## AIM OF THE EXERCISE:
After finding the line containing "SCHWEBETÜRENSCHRANK NISSE 120/205/60" below, please output that line and each following one through the line containing "POP Collapsible Silicone", exactly as written.

## EXCERPTED DATA:
.....

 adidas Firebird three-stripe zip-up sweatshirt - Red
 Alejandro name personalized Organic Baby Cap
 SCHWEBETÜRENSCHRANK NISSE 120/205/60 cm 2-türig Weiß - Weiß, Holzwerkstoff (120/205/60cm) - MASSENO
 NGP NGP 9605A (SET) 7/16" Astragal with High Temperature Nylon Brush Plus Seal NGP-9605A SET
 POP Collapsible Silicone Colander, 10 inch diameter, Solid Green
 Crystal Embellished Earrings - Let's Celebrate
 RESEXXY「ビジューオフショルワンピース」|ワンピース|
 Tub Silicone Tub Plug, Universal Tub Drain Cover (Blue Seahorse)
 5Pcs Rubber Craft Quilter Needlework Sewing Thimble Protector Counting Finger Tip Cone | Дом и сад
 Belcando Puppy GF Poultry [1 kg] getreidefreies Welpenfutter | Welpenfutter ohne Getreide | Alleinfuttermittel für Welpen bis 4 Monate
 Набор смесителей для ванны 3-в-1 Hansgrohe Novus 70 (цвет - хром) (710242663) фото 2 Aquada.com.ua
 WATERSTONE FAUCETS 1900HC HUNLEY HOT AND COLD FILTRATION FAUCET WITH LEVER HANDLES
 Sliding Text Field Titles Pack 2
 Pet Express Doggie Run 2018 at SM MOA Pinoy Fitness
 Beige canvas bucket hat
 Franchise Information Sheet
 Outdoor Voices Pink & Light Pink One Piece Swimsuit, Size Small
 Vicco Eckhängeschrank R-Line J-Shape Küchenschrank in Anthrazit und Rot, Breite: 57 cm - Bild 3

.....

## TASK RESPONSE:
 SCHWEBETÜRENSCHRANK NISSE 120/205/60 cm 2-türig Weiß - Weiß, Holzwerkstoff (120/205/60cm) - MASSENO
 NGP NGP 9605A (SET) 7/16" Astragal with High Temperature Nylon Brush Plus Seal NGP-9605A SET
 POP Collapsible Silicone Colander, 10 inch diameter, Solid Green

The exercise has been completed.